Susie Gilman is a very prescient writer.She captures the crazy feelings of childhood, the joys and dramas of middle school and the wild high school years. She continues to her college years and first jobs, then to her relationships with men, and eventual marriage in a giant white dress. The title perfectly captures her sensibilities.
With so much information, it could become overly sesquipedalian (much like myself), but she stay quick and it moves right along
The book’s subtitle is “Tales of growing up groovy and clueless.” Groovy maybe but not clueless. Gilman is not only very astute in her observations, she is wildly amusing. A manifesto with jokes, if you will. A spoonful of sugar helps the social commentary go down, and all that.
Her initial foray into expressing herself is acting; in the home-made video of a hippie member of their summer colony.
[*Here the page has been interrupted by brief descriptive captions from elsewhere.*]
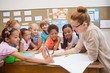 © WavebreakmediaMicro - Teacher and pupils working at desk together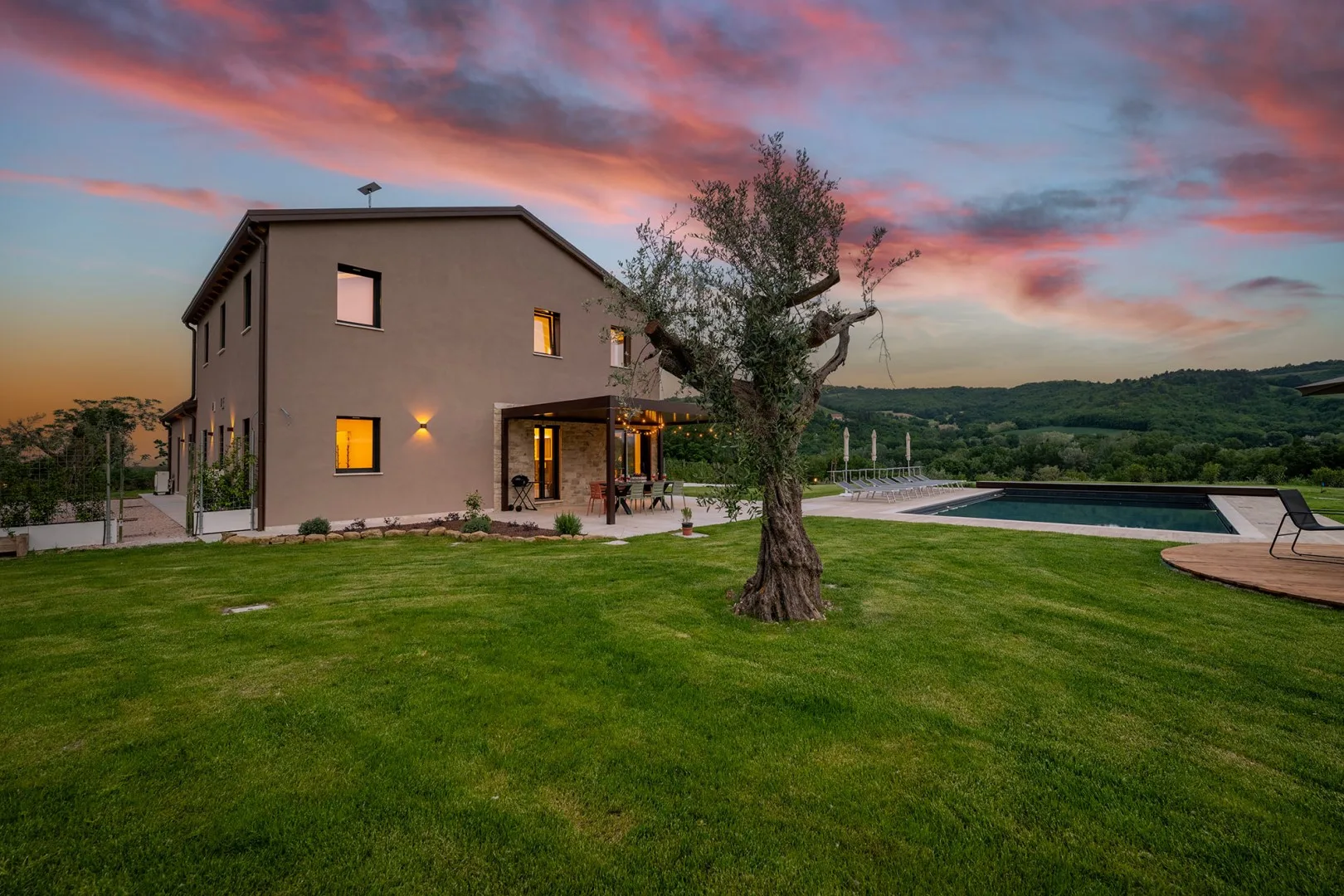 Una casa moderna de dos plantas con césped, piscina y olivo bajo un cielo de atardecer colorido.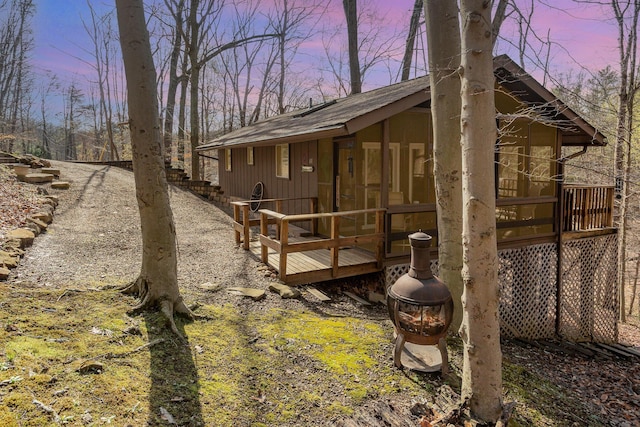 exterior space featuring a sunroom and a deck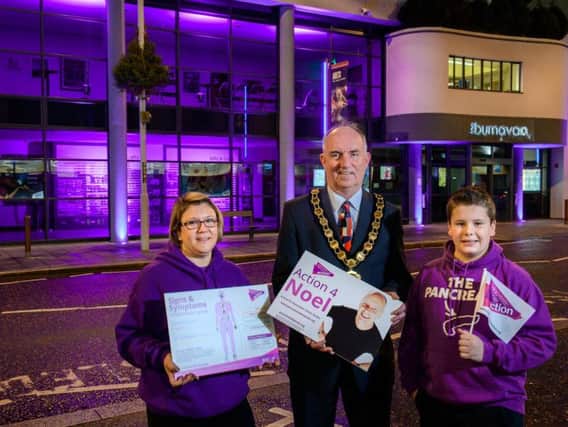 The Chair of Mid Ulster District Council, Councillor Trevor Wilson is pictured at the Burnavon, Cookstown, one of the Council buildings to be illuminated purple this month to raise awareness of pancreatic cancer, with Kerry Irvine, Action4Noel and her son Nathan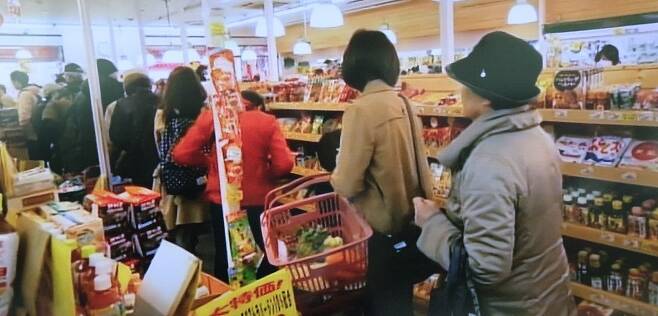 지난 25일 오후 일본 도쿄의 한 슈퍼마켓에서 쌀 등 식료품을 사려는 손님들이 줄지어 서 있다. NHK 화면 캡처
Susie and little Edward (pronounced Edwid by his Brooklynese parents) run naked at sunrise with butterflies and she is still hoping like hell that the tape is long gone. She maintains the urge to find herself and registers most following events.
She documents the illustrious and the mundane with equal fondness. She has her first fight, and loses,(with tough puerto rican girls over a tire swing in the park). She sings her little jewish heart out at her presbyterian school’s Christmas pageant. She grows pendulous mammaries virtually overnight. She idolizes, then amazingly meets and spends an entire evening with Mick Jagger.
My favorite chapter / essay involves her rapid poltical change upon seeing the FICA deductions on her first paycheck. Calling Susie’s mother on the phone, her father says,” I’m watching our daughter turn from a communist to a moderate … whoops. Wait. I think she just went straight to conservative.”
Her fist real job is writing for The Jewish Week, where she enjoys tormenting the readers with homosexual rabbi articles and eating non-kosher foods.
I’ll let the reader discover her subsequent forays into employment for themselves. Suffice it to say, it is enjoyable. For us. Not for her.
Her growth and development from childhood to adulthood are well plotted through these humorous forays and she has written a very good memoir. A coup de foudre in the world of girly reminiscences.